(Captioned web images)
# # #
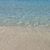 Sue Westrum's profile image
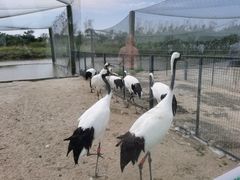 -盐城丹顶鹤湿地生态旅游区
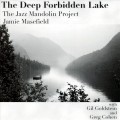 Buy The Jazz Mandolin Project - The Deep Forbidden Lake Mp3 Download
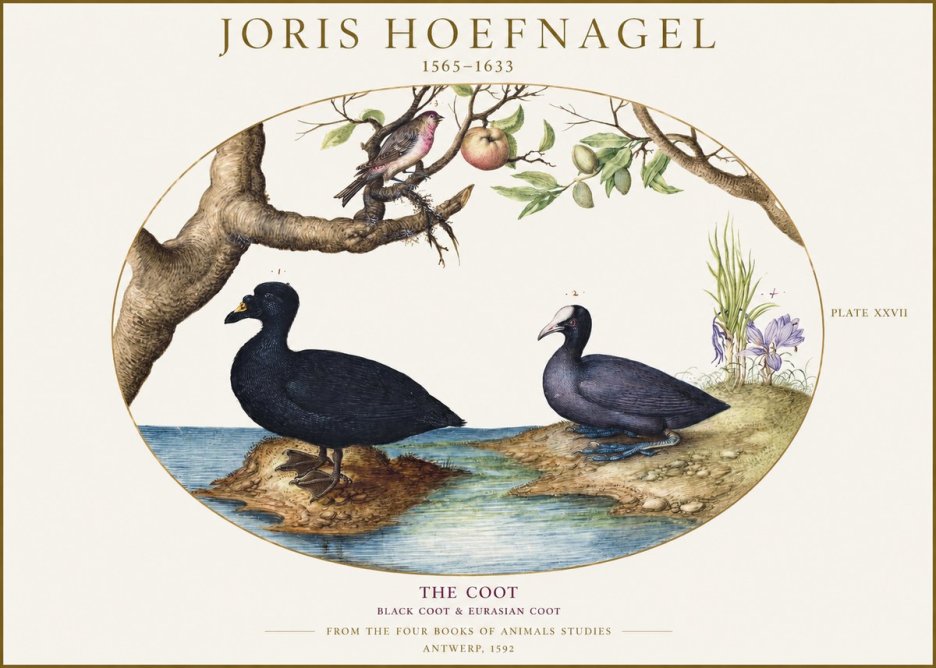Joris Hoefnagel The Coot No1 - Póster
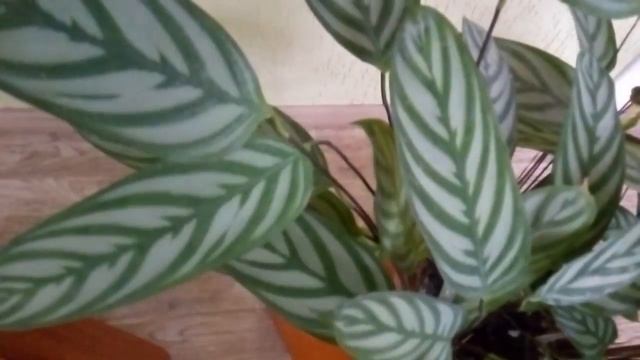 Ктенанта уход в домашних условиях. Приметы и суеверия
# # #
## Your task
The required output is the lines from the one containing "-盐城丹顶鹤湿地生态旅游区" through the end of the data, printed exactly, with no pictures.

## Task result
 -盐城丹顶鹤湿地生态旅游区
 Buy The Jazz Mandolin Project - The Deep Forbidden Lake Mp3 Download
Joris Hoefnagel The Coot No1 - Póster
 Ктенанта уход в домашних условиях. Приметы и суеверия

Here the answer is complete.